**Problem**
Would you reproduce each line below exactly, leaving every picture out?

**Provided data**
-.-.-

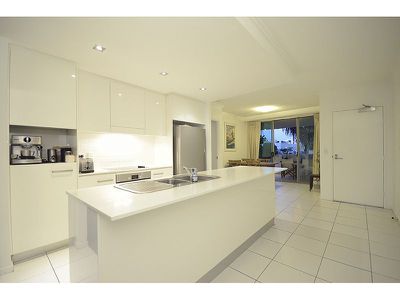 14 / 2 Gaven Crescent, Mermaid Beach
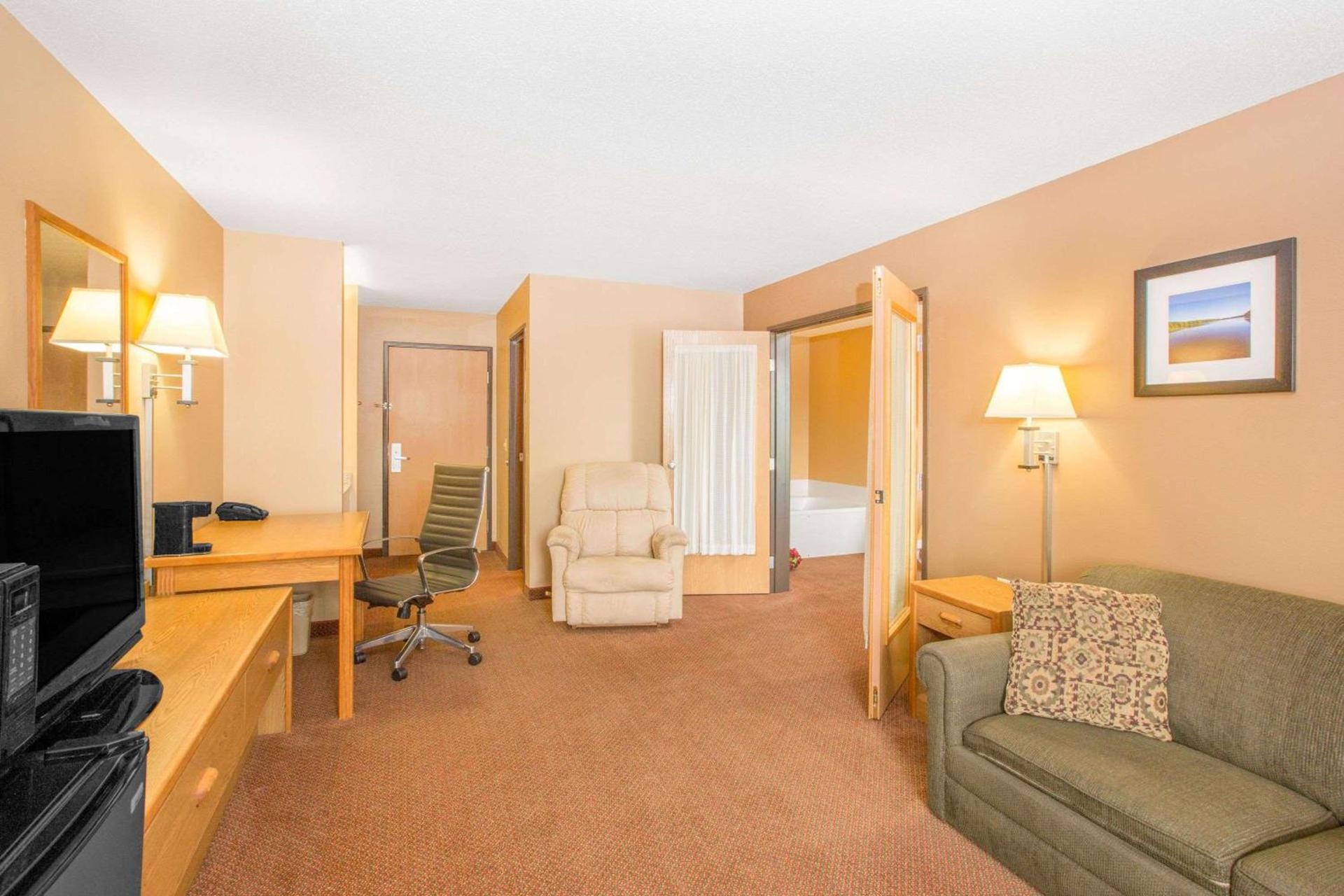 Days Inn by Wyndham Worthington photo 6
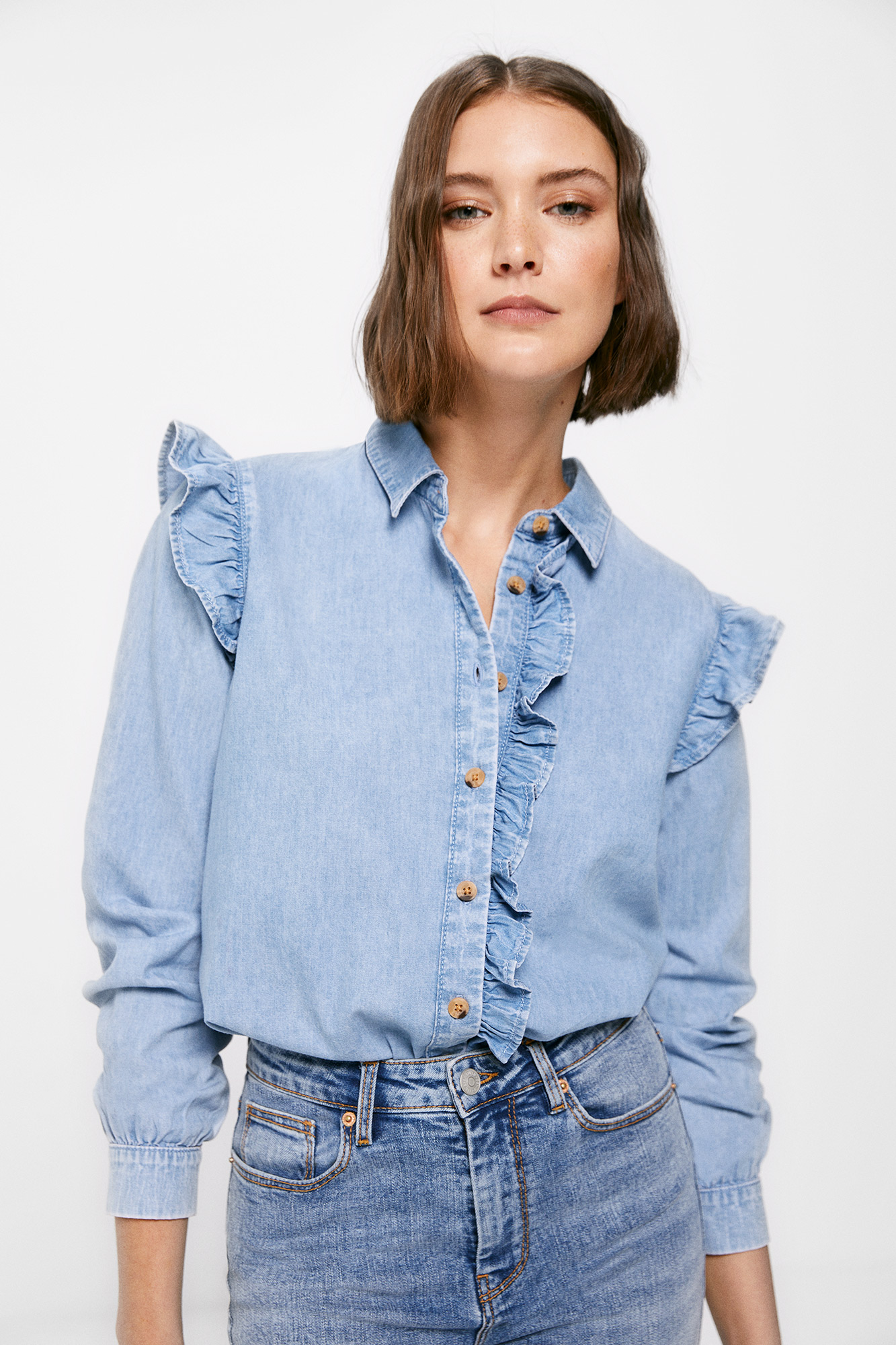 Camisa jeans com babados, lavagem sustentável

-.-.-

**Solution to this task**
 14 / 2 Gaven Crescent, Mermaid Beach
 Days Inn by Wyndham Worthington photo 6
 Camisa jeans com babados, lavagem sustentável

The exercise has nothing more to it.